親が認知症になったら・・・
「実家を売却してそのお金で施設に入所させます。」や、
「同居や近くに住ませて、実家は売却します。」と、よく耳にしますが、
実は、認知症になってからでは、実家を売却することは出来ません。
理由は、認知症になると“判断能力がない”とみなされて、契約が出来なくなるからです。

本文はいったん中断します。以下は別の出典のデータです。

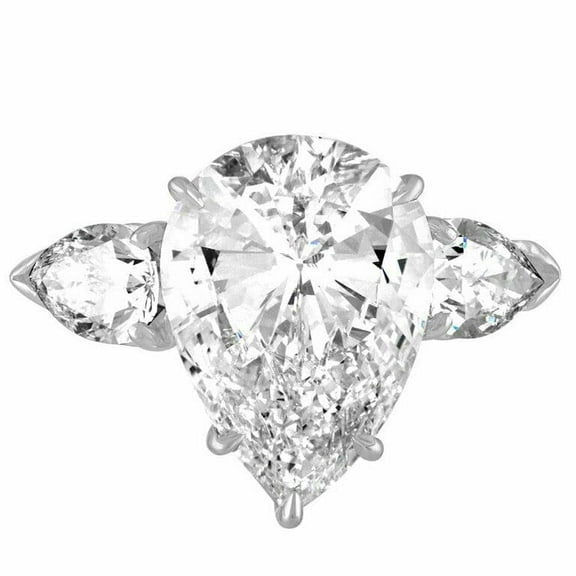 HeartsAndYou 3ct Pear Cut Moissanite Accents Trilogy Engagement Ring for Women 18k White Gold over Silver
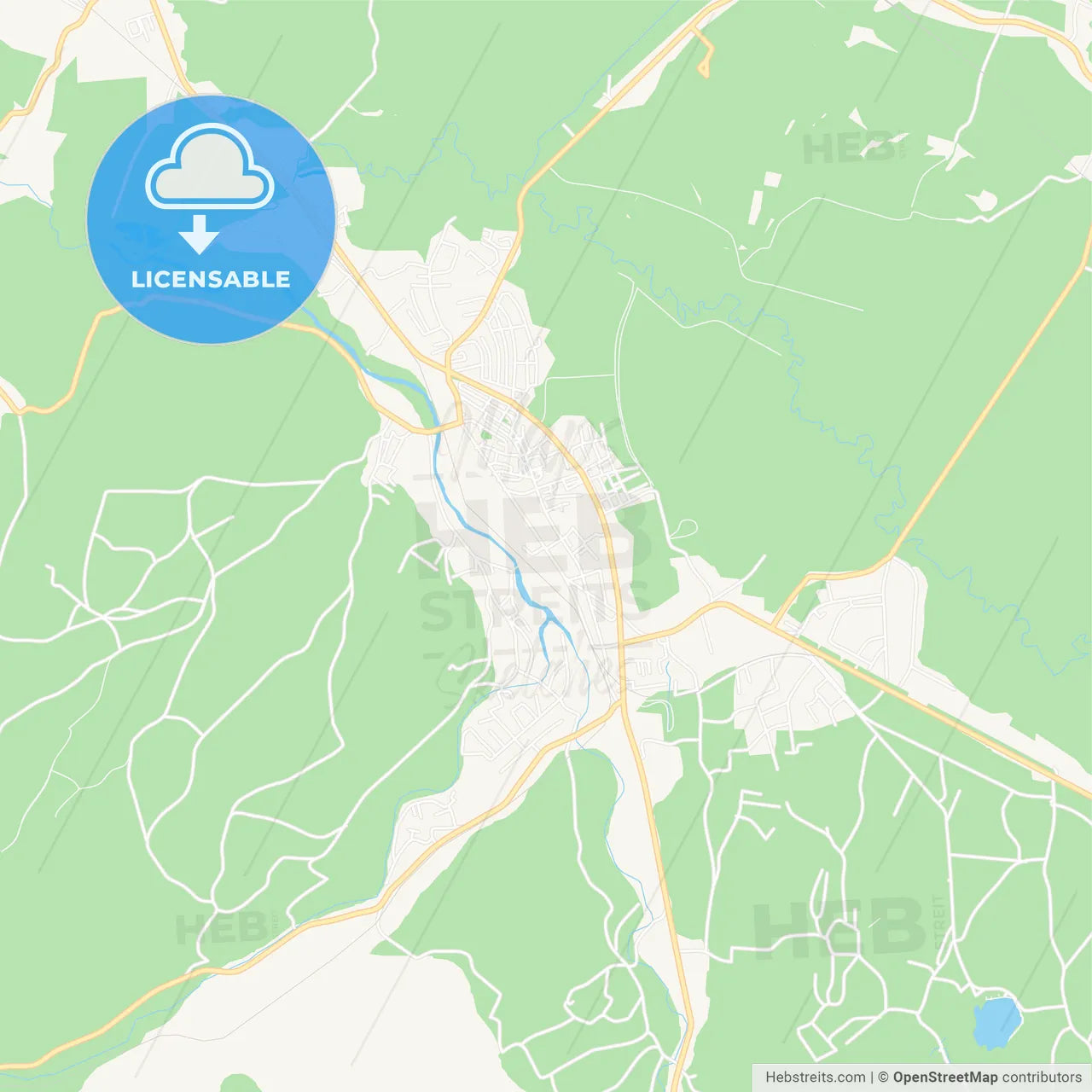 Zivinice, Bosnia and Herzegovina Vector Map - Classic Colors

そして、「ならば、親の代わりに子である私が代理人として売ります。」
という方も中にはいらっしゃるのですが、
子であったとしても、親に代わって売却することは出来ないのです。
そう。
残念ながら、親が認知症になった場合、原則、実家は売却できません。
不動産の売買契約に限らず、「契約」という行為自体が出来ないのです。
もしも、契約を締結したとしても、“遡って”「無効」になってしまうのです。
では、何とかして、実家を売却する方法はないのか?
その方法の一つとして、
「成年後見人制度」を使って契約するという方法があります。
家庭裁判所に申し立て、
「お金の管理・処分・契約」をしてもらう「後見人」という人を選定し、
本人(今回のお話しの場合は親)に代わって、
その方と相談しながら、それら行為を行っていくという方法です。
ただし、この制度を使って契約するにあたっては、
本当にその契約行為が必要不可欠なものなのか?など、
売らないといけない事情が認められない限り難しいため、
前出の、施設入所を例にした場合でいうと、
“お金にゆとりのある方”などは、施設入所のための資金対策としては必要不可欠とは認められず、
売却が許可されません。
万一、勝手に売却したとしても、先にお話ししたとおり、契約が「無効」となり、
結果、とても大きなトラブルを招きます。
ちなみに、一般的に、「後見人」は弁護士や司法書士がなり、
月々数万円の費用が必要となります。
子の場合、「親が売って良いと言っているから」と、
安易に売って良いと思われているケースが非常に多いのですが、
実は売れない、売ってはいけないということに注意が必要です。
今は、「家族信託」という選択肢もあったり、
内容によっては、「保佐人制度」という、
「成年後見人制度」よりもハードルの低い制度もあります。
なお、これらのご相談としては、
信託を得意としている金融機関や司法書士・弁護士などが主な窓口になります。